● **Required action**
Could you repeat every line below exactly, skipping the images?

● **Provided records**
::::

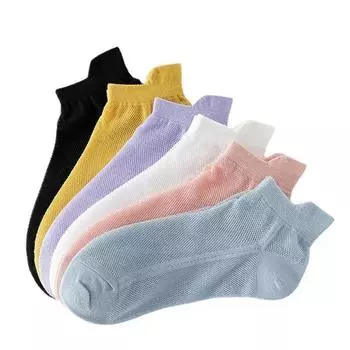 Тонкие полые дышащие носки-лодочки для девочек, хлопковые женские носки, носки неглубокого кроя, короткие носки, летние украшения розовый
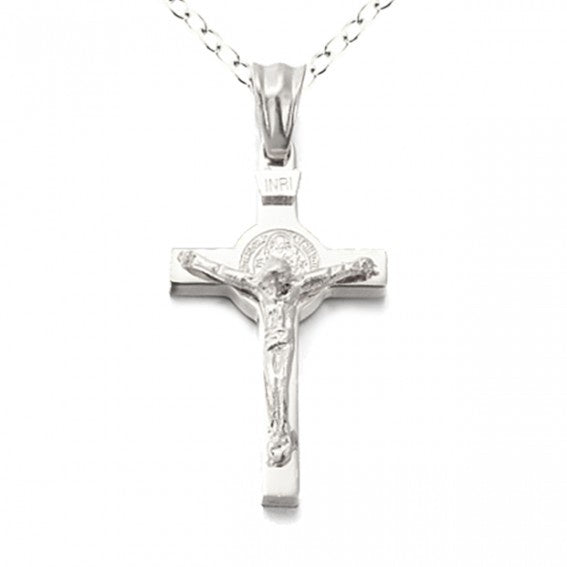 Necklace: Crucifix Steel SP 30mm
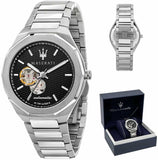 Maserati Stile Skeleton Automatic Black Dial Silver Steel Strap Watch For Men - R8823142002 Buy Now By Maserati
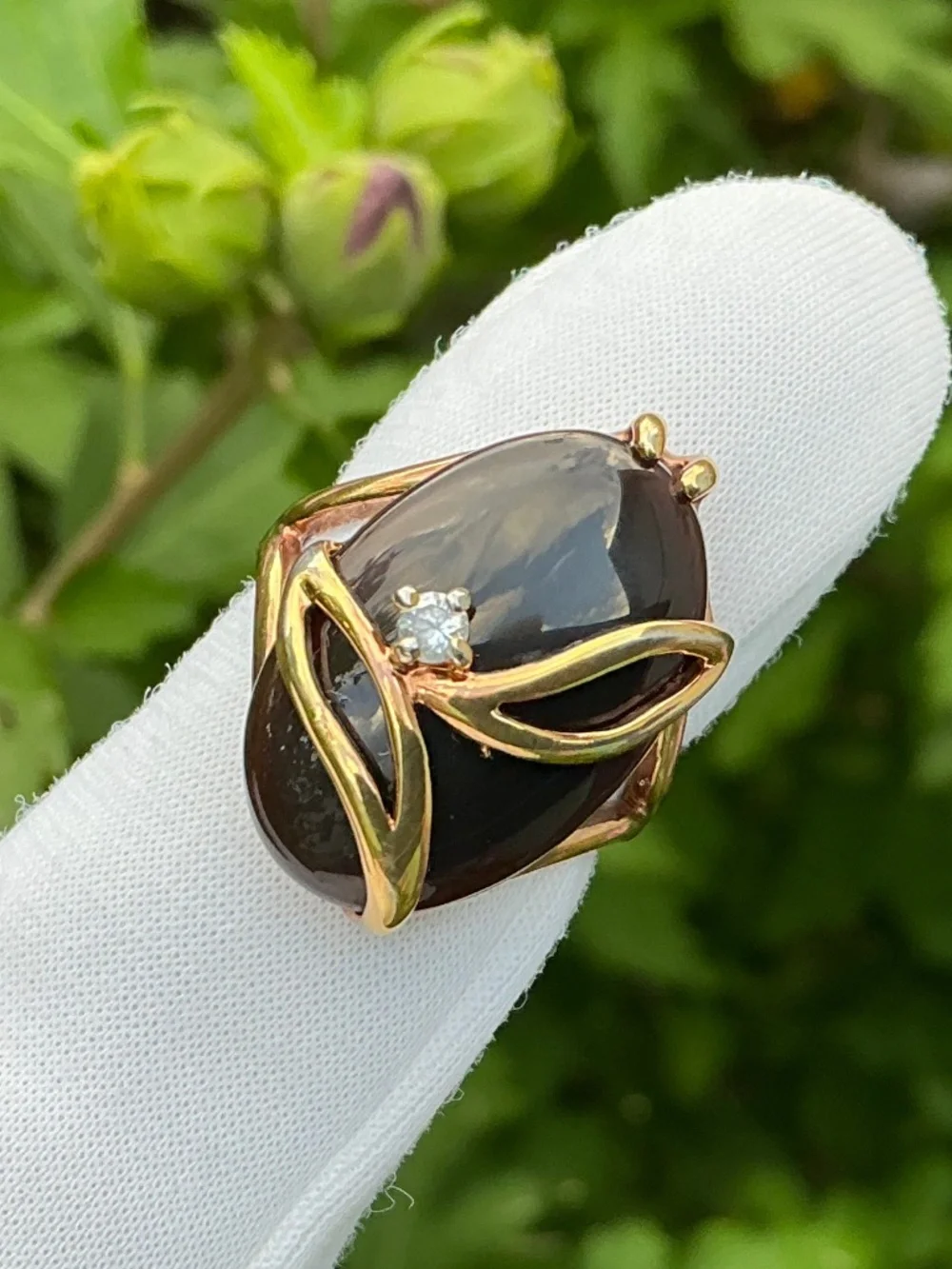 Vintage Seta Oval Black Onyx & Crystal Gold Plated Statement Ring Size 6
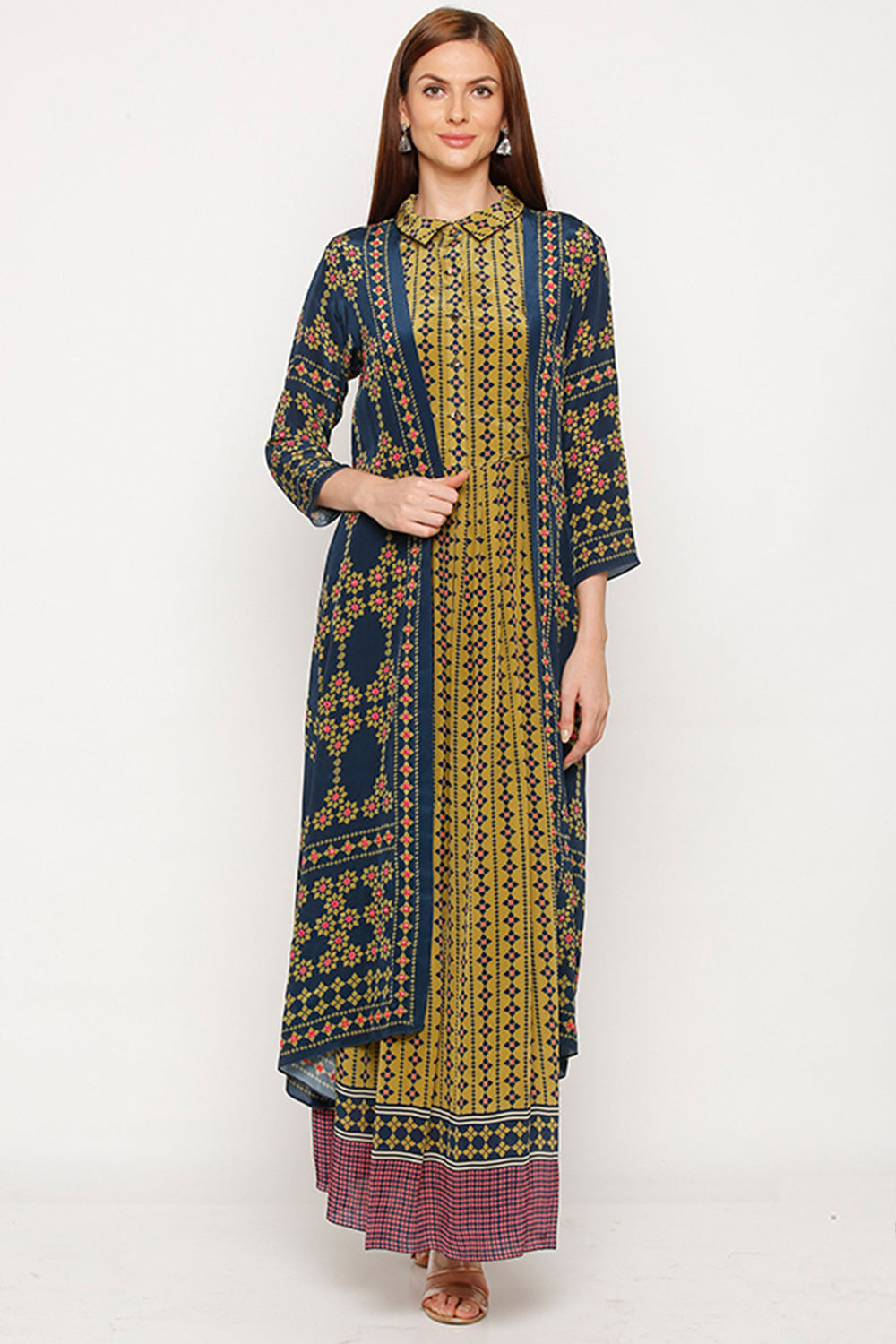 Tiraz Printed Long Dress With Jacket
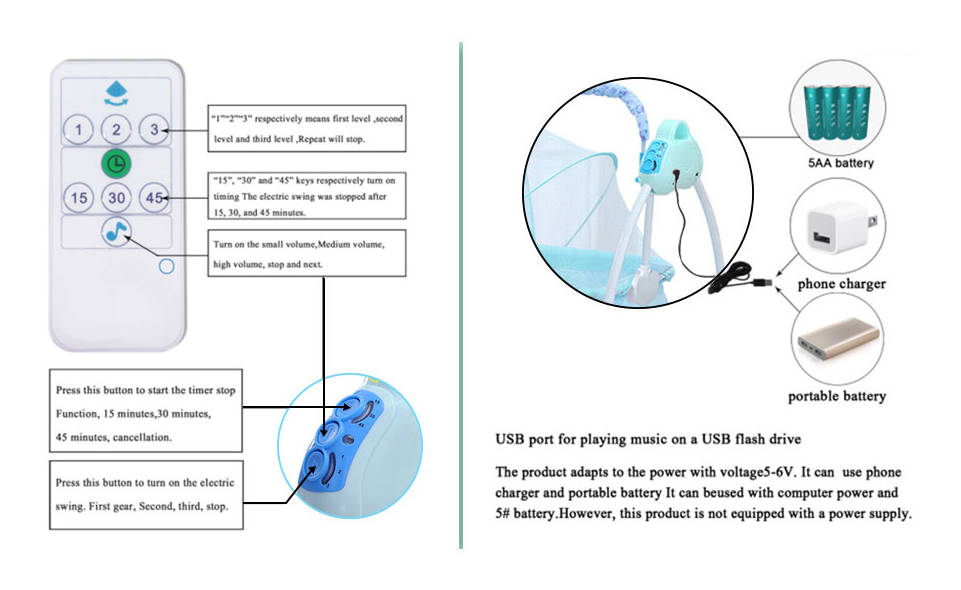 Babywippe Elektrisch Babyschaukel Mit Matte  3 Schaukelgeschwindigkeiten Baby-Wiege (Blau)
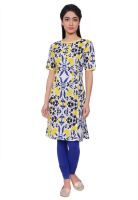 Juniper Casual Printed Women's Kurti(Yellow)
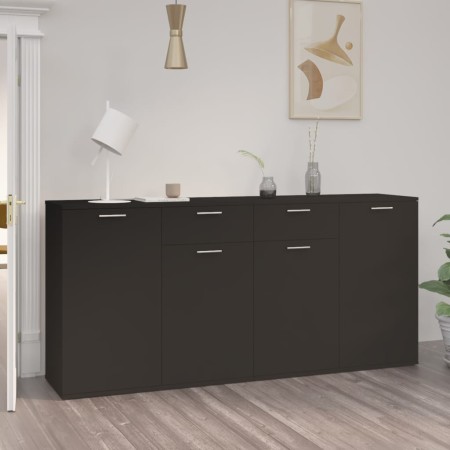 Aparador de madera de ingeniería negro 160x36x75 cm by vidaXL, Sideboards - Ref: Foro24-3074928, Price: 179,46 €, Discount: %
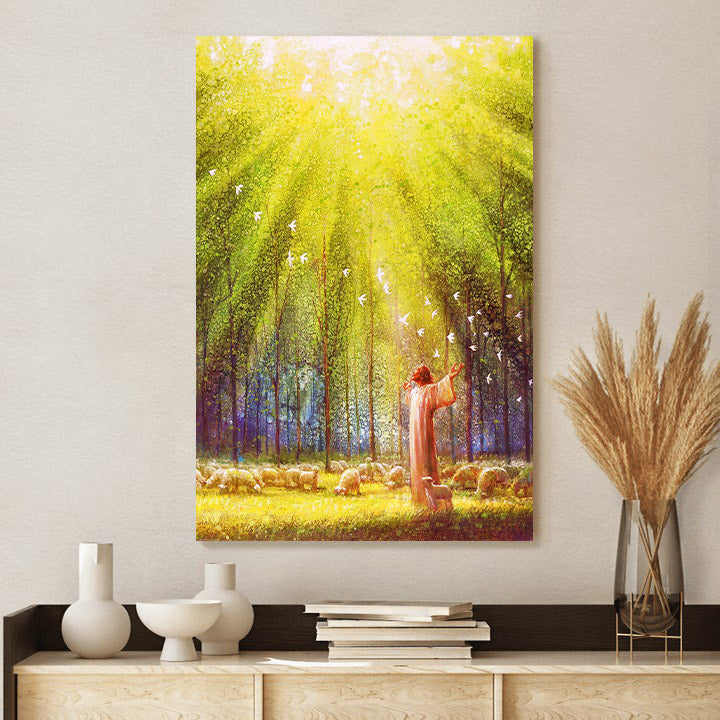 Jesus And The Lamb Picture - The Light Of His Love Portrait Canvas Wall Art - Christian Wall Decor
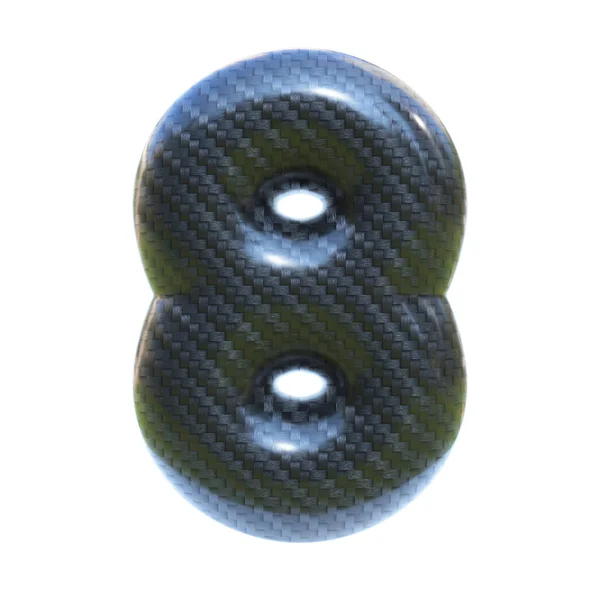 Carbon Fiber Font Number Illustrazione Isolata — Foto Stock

::::

● **Response box**
 Тонкие полые дышащие носки-лодочки для девочек, хлопковые женские носки, носки неглубокого кроя, короткие носки, летние украшения розовый
 Necklace: Crucifix Steel SP 30mm
 Maserati Stile Skeleton Automatic Black Dial Silver Steel Strap Watch For Men - R8823142002 Buy Now By Maserati
 Vintage Seta Oval Black Onyx & Crystal Gold Plated Statement Ring Size 6
 Tiraz Printed Long Dress With Jacket
 Babywippe Elektrisch Babyschaukel Mit Matte  3 Schaukelgeschwindigkeiten Baby-Wiege (Blau)
 Juniper Casual Printed Women's Kurti(Yellow)
 Aparador de madera de ingeniería negro 160x36x75 cm by vidaXL, Sideboards - Ref: Foro24-3074928, Price: 179,46 €, Discount: %
 Jesus And The Lamb Picture - The Light Of His Love Portrait Canvas Wall Art - Christian Wall Decor
 Carbon Fiber Font Number Illustrazione Isolata — Foto Stock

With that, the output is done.